To use a cross-encoder from the Sentence Transformers library for re-ranking search results, follow these steps. First, perform an initial retrieval of documents using a fast but less accurate method (like BM25 or a bi-encoder model). This step narrows down thousands of potential documents to a manageable subset (e.g., 100-200 candidates). Cross-encoders are computationally expensive because they process query-document pairs jointly, so applying them to a smaller candidate pool balances accuracy and efficiency. Once you have the initial results, pass each query-candidate pair through the cross-encoder to compute a relevance score. These scores are used to reorder the candidates, placing the most relevant documents at the top.
The technical implementation involves installing the sentence-transformers
library and loading a pre-trained cross-encoder model. For example, CrossEncoder('cross-encoder/ms-marco-MiniLM-L-6-v2')
initializes a model fine-tuned for ranking. Prepare your data by pairing the query with each candidate document (e.g., pairs = [(query, doc1), (query, doc2), ...]

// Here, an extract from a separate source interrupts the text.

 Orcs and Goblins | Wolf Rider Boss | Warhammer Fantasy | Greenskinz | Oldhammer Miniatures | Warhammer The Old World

). Use the model’s predict()
method to generate similarity scores for these pairs. The scores represent how well each document matches the query. Since cross-encoders output raw logits or probabilities, you might need to apply a sigmoid function depending on the model’s training objective. Finally, sort the documents based on these scores in descending order to produce the re-ranked list.
Key considerations include choosing the right model for your domain (e.g., MS MARCO models for web search) and limiting the candidate pool size to avoid latency. Cross-encoders improve ranking quality by capturing nuanced interactions between queries and documents, unlike bi-encoders that compute embeddings separately. However, they’re impractical for large-scale retrieval due to their O(n) computational complexity per query. By combining a fast first-stage retriever with a cross-encoder reranker, you achieve a balance between speed and accuracy, which is critical in production systems.